Action item
When you reach the line below that has "dining area with", start returning lines exactly, and stop after the line that has "a large white"; skip the pictures.

(Data provided Opens)

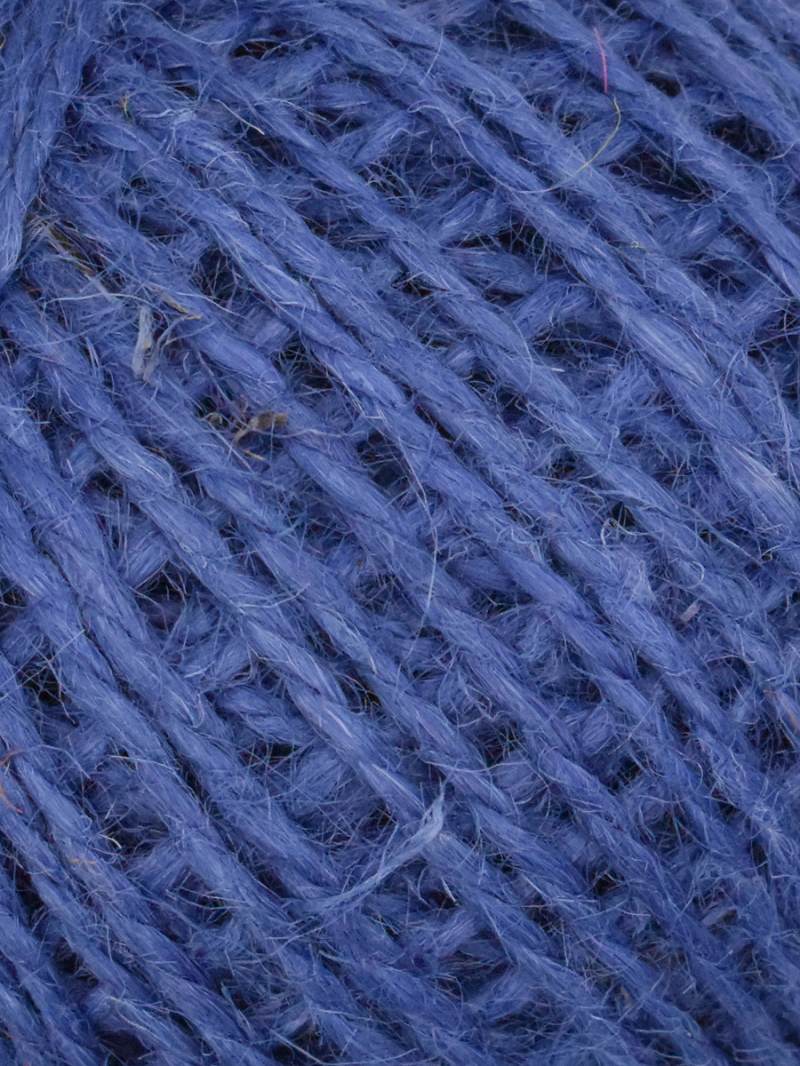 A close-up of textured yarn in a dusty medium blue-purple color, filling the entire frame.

(Data provided Closes)
(Data provided Opens)

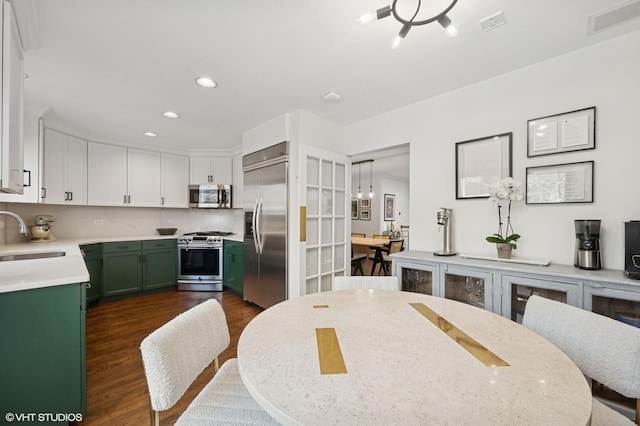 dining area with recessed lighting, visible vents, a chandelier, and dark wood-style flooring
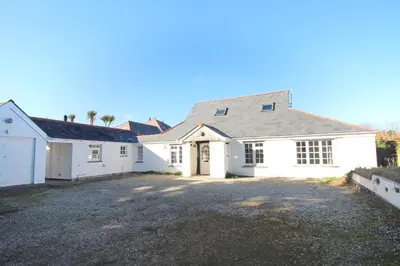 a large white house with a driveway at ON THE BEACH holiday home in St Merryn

(Data provided Closes)
(Data provided Opens)

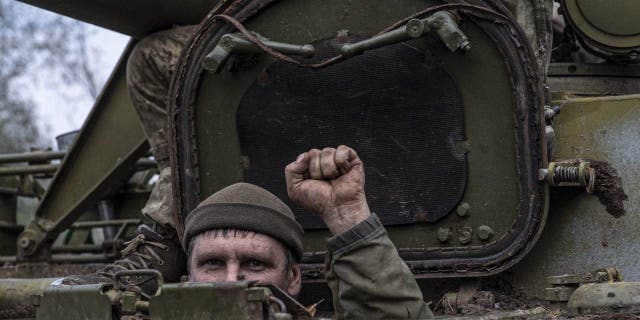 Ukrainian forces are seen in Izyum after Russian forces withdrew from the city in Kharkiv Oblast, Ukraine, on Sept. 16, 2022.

(Data provided Closes)

Exercise response
 dining area with recessed lighting, visible vents, a chandelier, and dark wood-style flooring
 a large white house with a driveway at ON THE BEACH holiday home in St Merryn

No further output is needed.